Un lugar de La Carballeda zamorana. Fotografía de Fernando Medrano
Reflexiones de un
cordero blanco y la cena de Nochebuena
Queridos amigos: quiero que caiga sobre mí vuestra ternura,
pero no esa sombra de compasión que adivino en el fondo de vuestros ojos.
Miradme, pero no con pena. No erréis el tiro de modo tan certero, ya que
vuestra congoja es totalmente injustificada. Mi soledad en este hermoso rincón
es tan solo aparente. He sido yo el que he elegido el lugar y la postura para estar
un rato a solas y resguardarme de los vientos y del frío. Dentro de un momento
me meteré en los enfaldos lanudos de mi madre, que es la oveja más buena de
este mundo, y allí tendré el cariño que os parece que me falta, además de unas
ubres repletas y obsequiosas, de las que brota un alimento que es más blanco
que yo y que recibe el nombre de vida. Luego correré con mis hermanos y amigos
por las praderas circundantes hasta alcanzar el cansancio y completar un día
entero de gozo.
He querido informaros de estas cosas para que nadie se
confunda y llore por algo que no debe. Las lágrimas podéis reservarlas para
asuntos que de verdad las requieran. Vosotros sabéis perfectamente que las
apariencias pueden ser engañosas. Y esta lo es, sin duda. No estoy triste. La
tristeza no tiene esta apacible tranquilidad que siento yo por dentro ni creo
que la felicidad requiera de otras poses o de otras apariencias forzadas ni
tampoco de otros lugares ni de otros adornos.

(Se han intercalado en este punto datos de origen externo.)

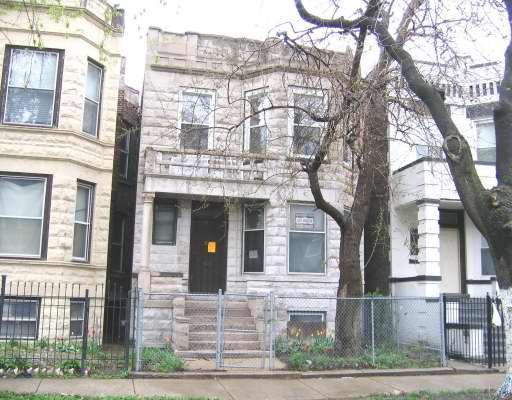 4214 W Wilcox St., Chicago, IL 60624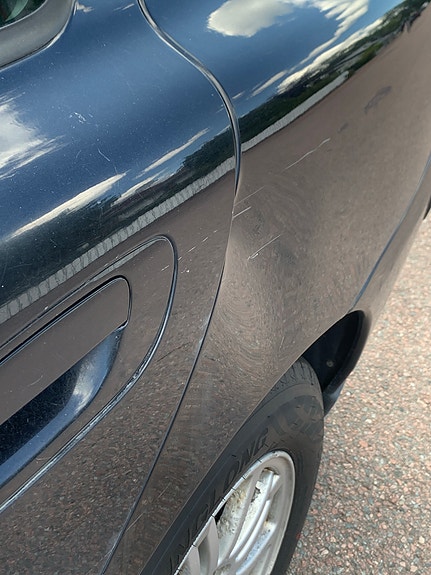 Volvo S60 2 of 5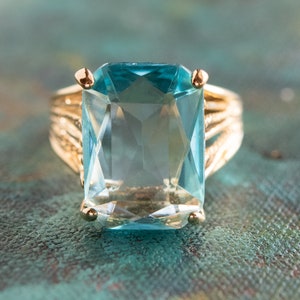 Vintage 1970s Aquamarine Austrian Crystal Cocktail Ring - 18k Gold Plated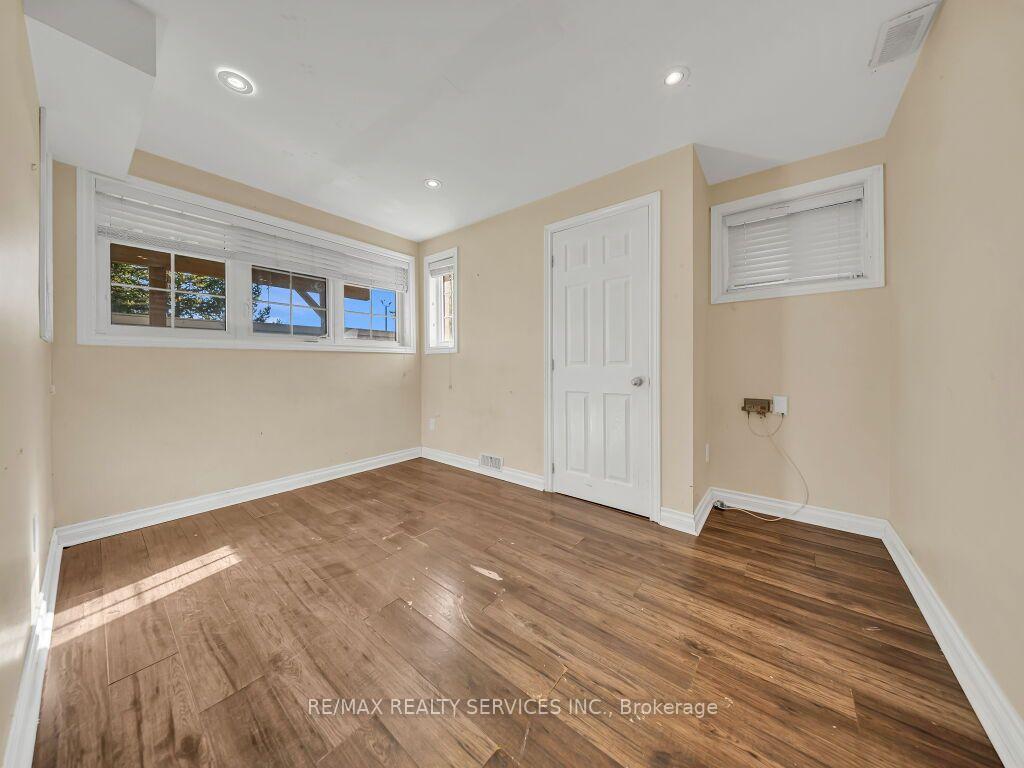 Photo 40 of 28 Zanetta Crescent, Brampton, Credit Valley — HOMEH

Soy consciente de que solo soy un bebé y de que no tengo
ninguna autoridad para dirigirme a vosotros, seres inteligentes que me miráis
con buenas intenciones, aunque con ojos bastante confundidos y superficiales. Y
ya que estáis ahí, embelesados, quiero decirlos que tal vez debáis buscar algún
rincón parecido, en el que podáis estar a solas con vuestra intimidad y con
vuestros pensamientos. A lo mejor descubrís que una buena parte de las miradas
que dirigís a otros aspectos o intereses de la vida, están condicionadas, como
ésta, por prejuicios que no se ajustan nada a la realidad. Si reguláis el
mecanismo de los ojos, que es por donde ve vuestro cerebro, tal vez consigáis que
algunas de las ocupaciones que os absorben y no os dejan vivir, se caigan con
todos sus engaños y exigencias de los pedestales en los que ahora están
subidas.
Probadlo, no es difícil. A lo mejor concluís que hay que
aliviar las alforjas de lo innecesario y de lo superfluo, que la felicidad no
está en la enajenación continuada de los sentidos, sino que estos requieren de
algunos espacios de calma y de sosiego, de algún rincón íntimo para reflexionar
sobre la vida que queda por vivir en relación con la que ya hemos vivido.
Ya sé que no se comprende fácilmente, y mucho menos se
acepta o se tolera, que estas cosas las diga un cordero como yo, de apariencia
tan frágil, que está empezando a vivir. Esperaba no tener que aclararos que el
mío es un discurso sugerido y que en realidad os he utilizado sin escrúpulos ni
contemplaciones. Sois vosotros los que habéis dicho las cosas que acabamos de
oír mientras yo he permanecido callado en esta admirable fotografía silenciosa.
Un cordero que hablara de este modo sería una amenaza terrible para la sociedad
de los borregos, que es la vuestra y la mía, y cualquiera de sus dirigentes me
mandaría sacrificar para ofrecerme de plato principal en la cena de Nochebuena.